Intendant Markus Hinterhäuser übernimmt 2016 die Salzburger Festspiele und freut sich mit einem lachenden und einem weinenden Auge auf seine letzte Saison bei den Festwochen. Tomas Zierhofer-Kin folgt ihm in Wien nach.

Die Festwochen wollen mit gleich fünf Uraufführungen punkten:

"Kings of War" von Ivo van Hove nach den Shakespeare'schen Königsdramen "Henry V.", "Henry VI." und "Richard III."
Kettly Noels Performance "Ich bin keine Schwarze", eine Dramatisierung des Romans "Die Abenteuer des braven Soldaten Schwejk" durch Dusan David Parizek
"NOISE" von Sebastian Nübling im neuen Festwochen-Spielort F23, einer ehemaligen städtischen Sargfabrik in der Breitenfurter Straße
Frank Castorf mit "Die Brüder Karamasow" (ebenfalls in der Sargfabrik)
die Marlowe-Weiterschreibung "Edward II. Die Liebe bin ich" von Ewald Palmetshofer in der Inszenierung der jungen Österreicherin Nora Schlocker


"Wir haben ein Jahr der Regisseurinnen", meinte Schmidtke, fast ein Drittel des Programms stamme aus weiblicher Hand.
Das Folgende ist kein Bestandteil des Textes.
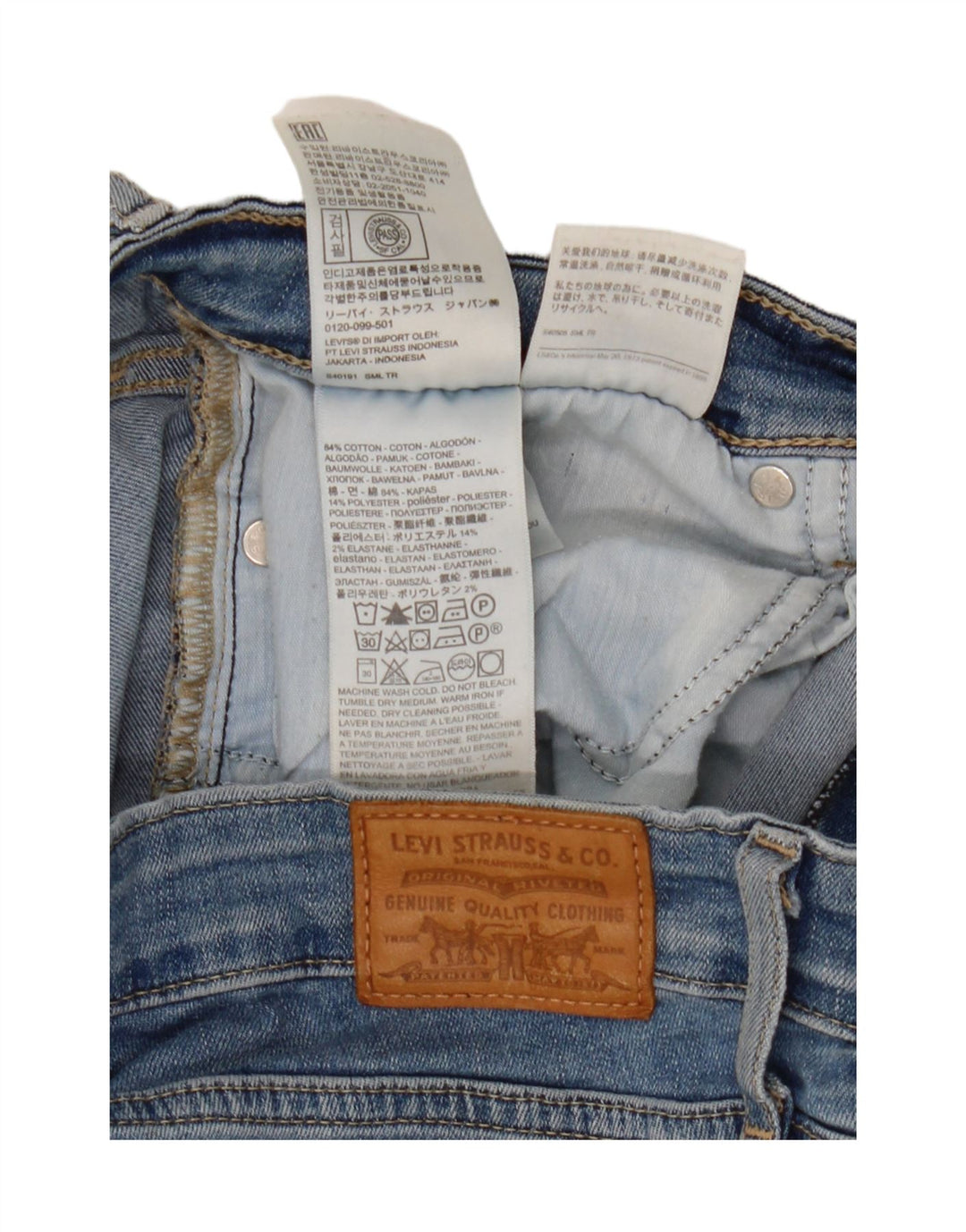 Damskie jeansy Levi's 712 Crop Slim W31 L25 Niebieska bawełna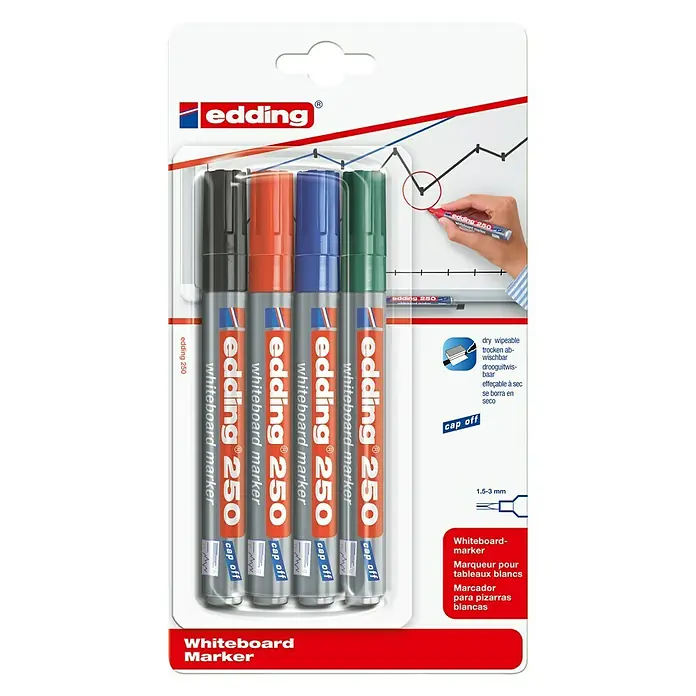 Edding Whiteboardmarker 250 - Strichstärke: 1,5 mm - 3 mm, Schwarz/Rot/Blau/Grün - Vorderansicht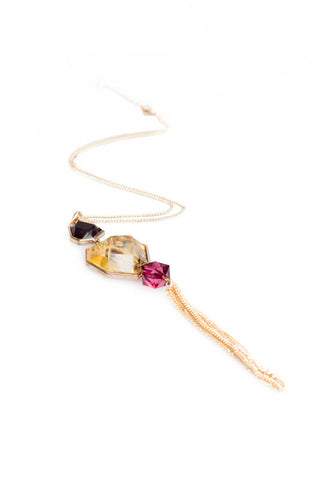 Facetted Gold & Purple Tassel Necklace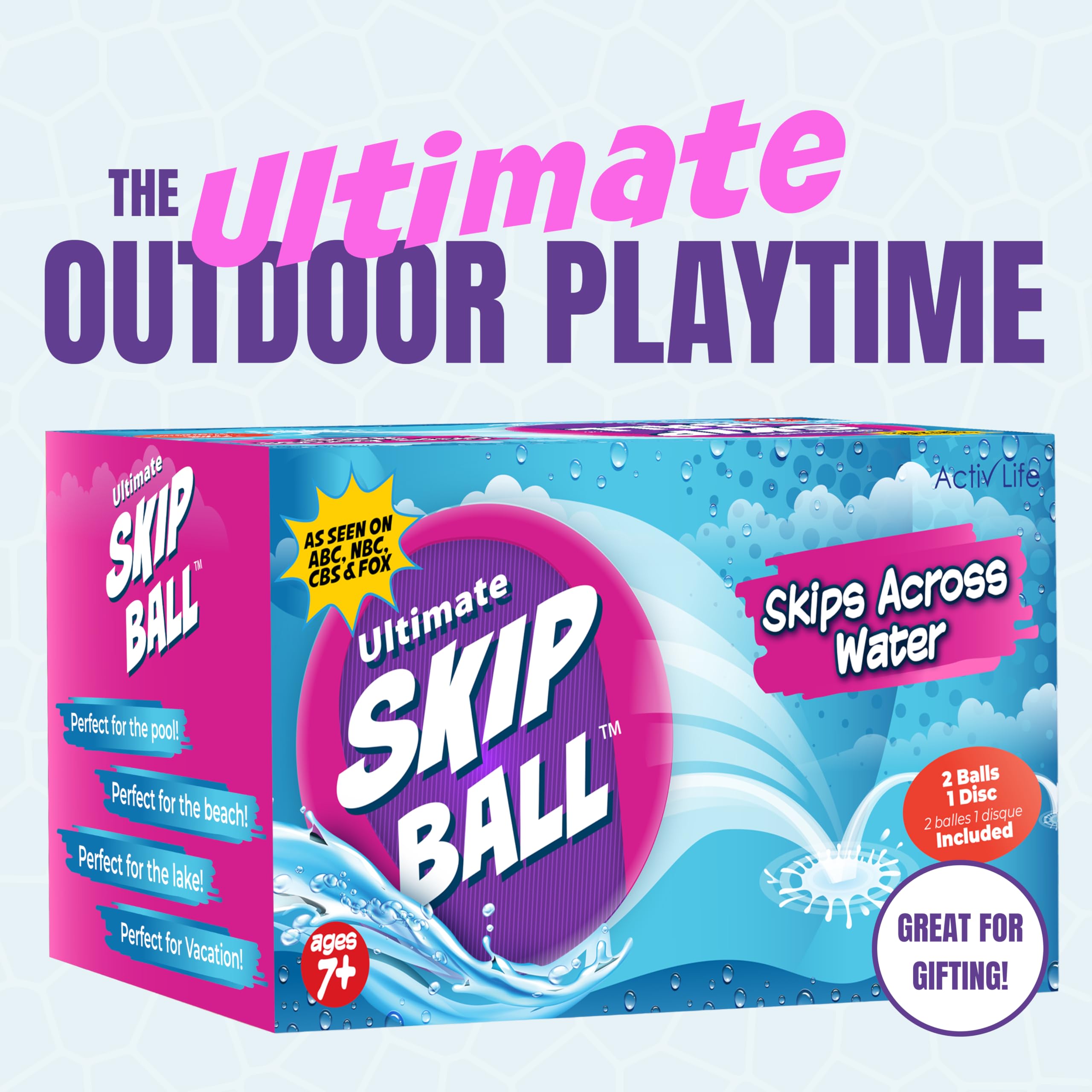 Activ Life Ultimate Water Skip Ball – Bouncing Beach Toy for Pool & Family Fun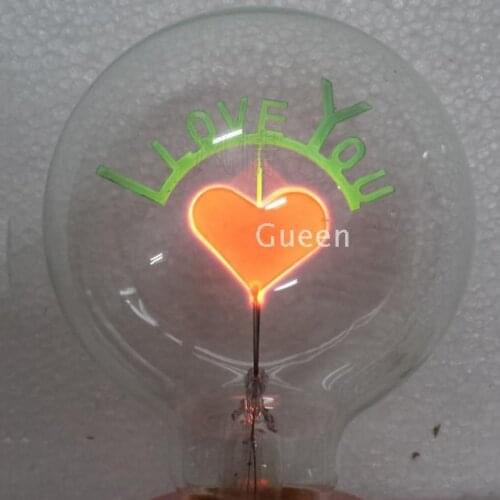 Pack Of 2 G80 E27 Halogen Bulb Edison Retro Filament Light (I love you) Heart Bulb Decorative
Auch bei den Musiktheaterproduktionen gibt es neben einer Wiederbegegnung mit Romeo Castelucci ("Go down, Moses") weibliche Regiehandschriften: Andrea Breth inszeniert Bela Bartoks "Herzog Blaubarts Burg" und koppelt dies an Robert Schumanns letztes Klavierstück "Geistervariationen". "Das gibt Breth die Möglichkeit, nach der Pause die Geschichte von Blaubart und Judith vollkommen anders weiterzuerzählen", so der Intendant, der keine Details verraten wollte. Lydia Steier, eine in den USA geborene junge Regisseurin, gastiert mit einer ergreifenden "Jephta"-Inszenierung aus Potsdam, die in Deutschland Furore machte. "Von ihr wird man in den nächsten Jahren sehr, sehr viel hören in der Welt des Musiktheaters und der Oper", zeigte sich Hinterhäuser überzeugt.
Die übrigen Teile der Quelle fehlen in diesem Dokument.